▸ Provided data:
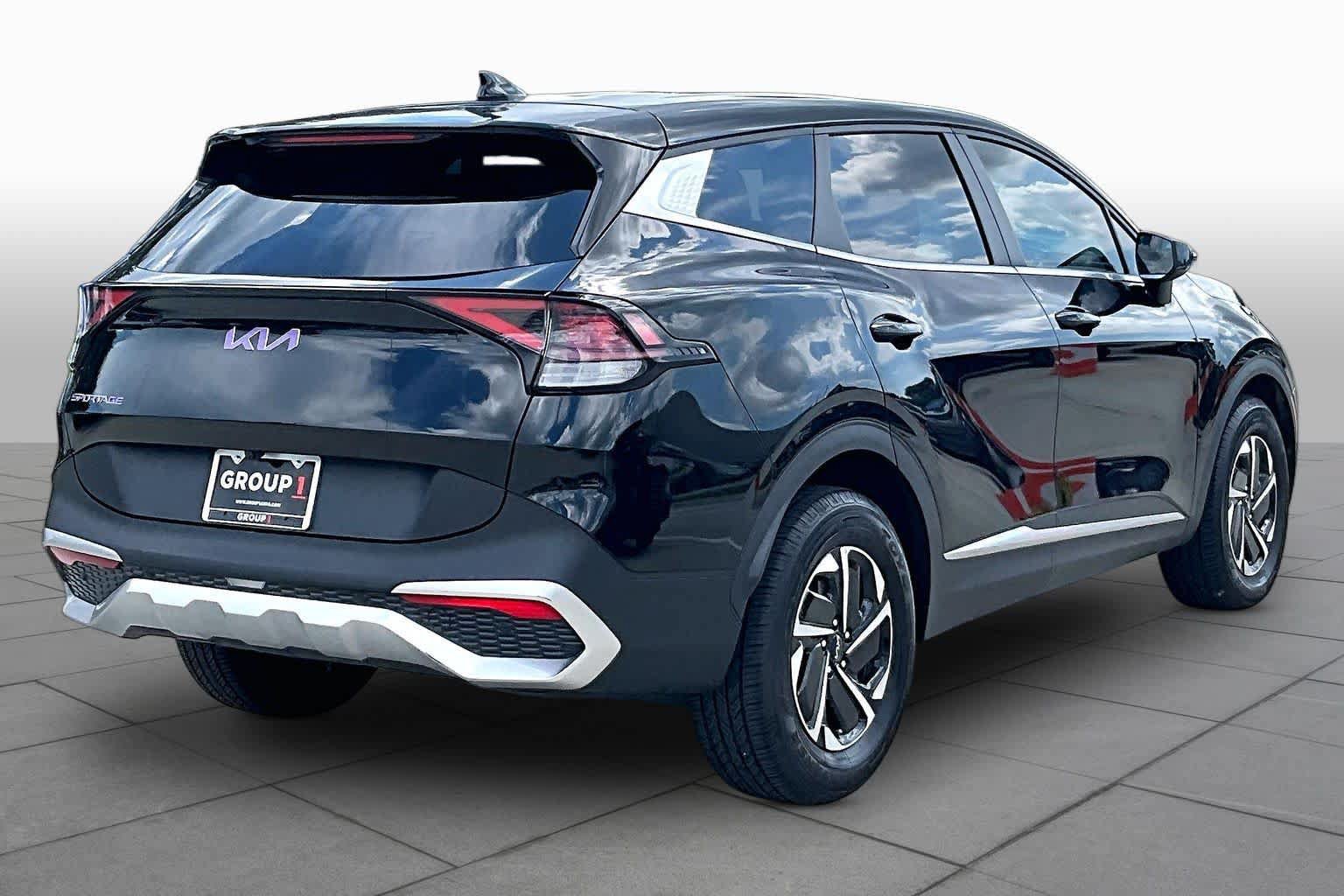 Used 2023 Kia Sportage LX AWD/4WD image 12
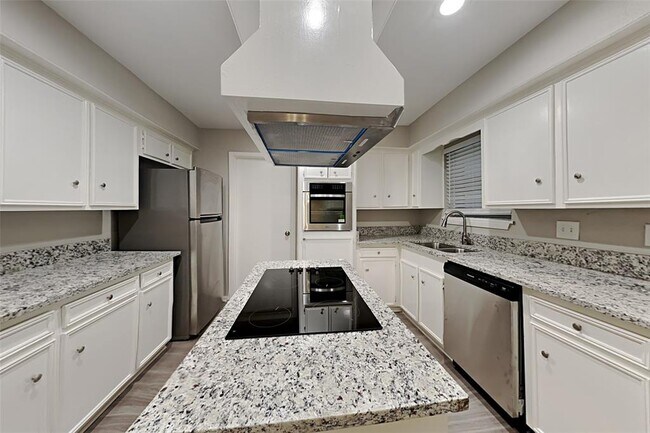 Foto del edificio - 2318 Turtle Creek Dr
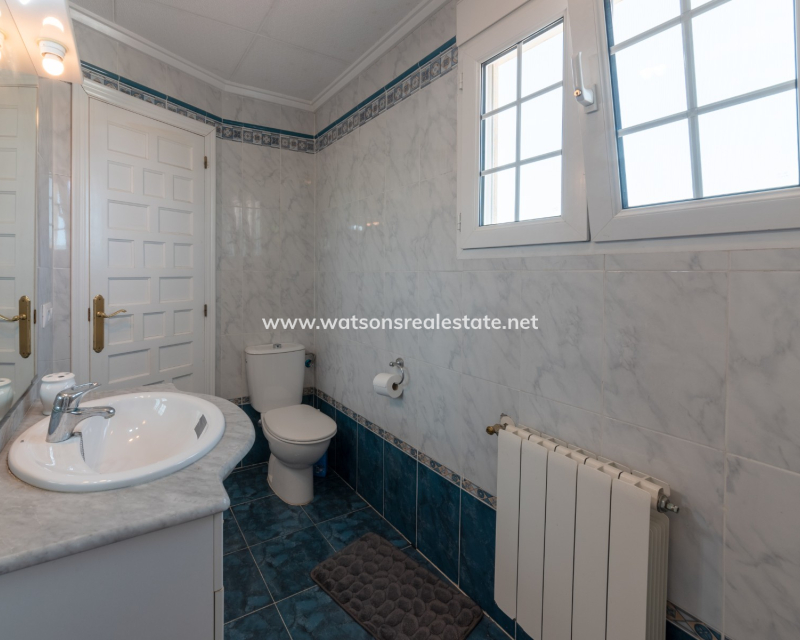 Resale - Freistendhe Villa - Urb. La Marina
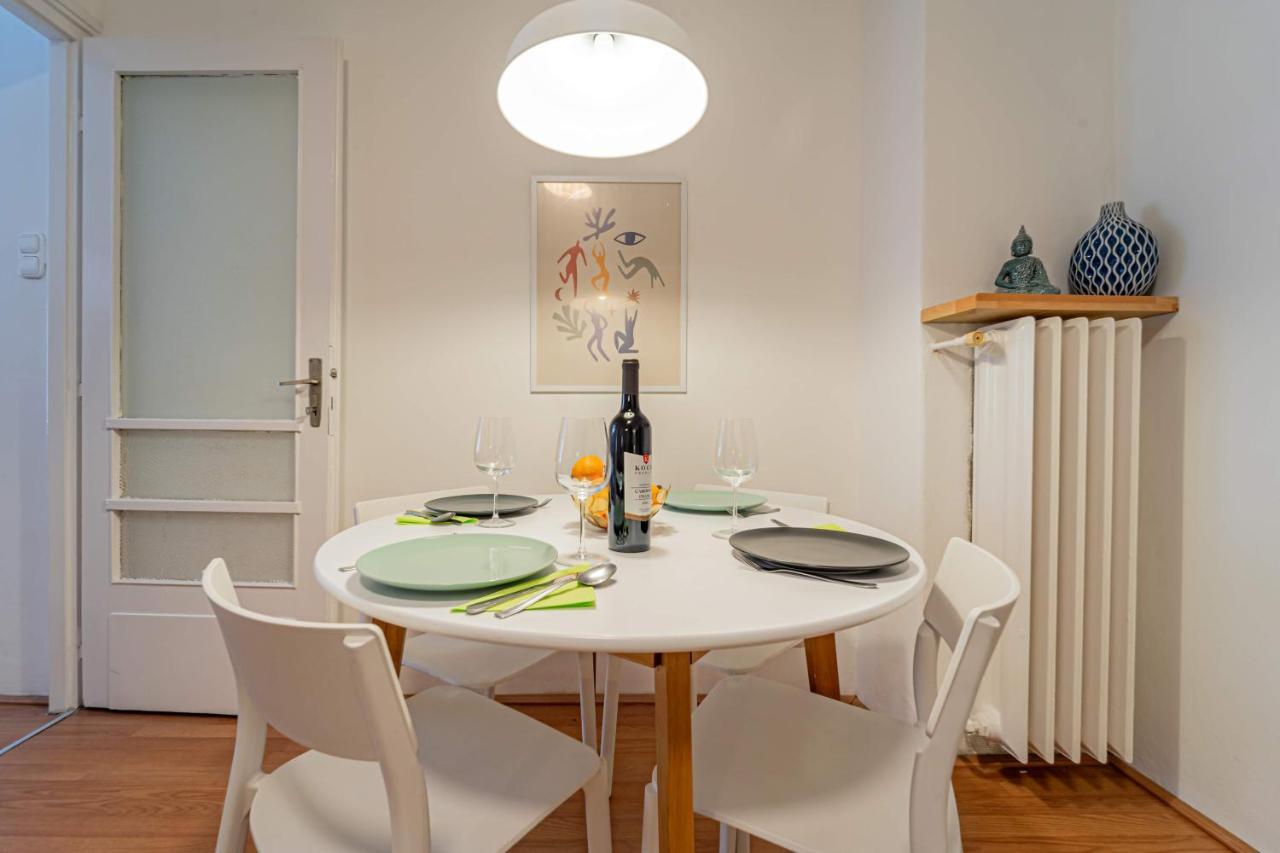 Central&Cozy Balcony!3Bdr 2Bth Budapest Kültér fotó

▸ What you should do: The pictures are to be omitted, and the rest of the listing is to be transcribed exactly.

▸ Output:
 Used 2023 Kia Sportage LX AWD/4WD image 12
 Foto del edificio - 2318 Turtle Creek Dr
 Resale - Freistendhe Villa - Urb. La Marina
 Central&Cozy Balcony!3Bdr 2Bth Budapest Kültér fotó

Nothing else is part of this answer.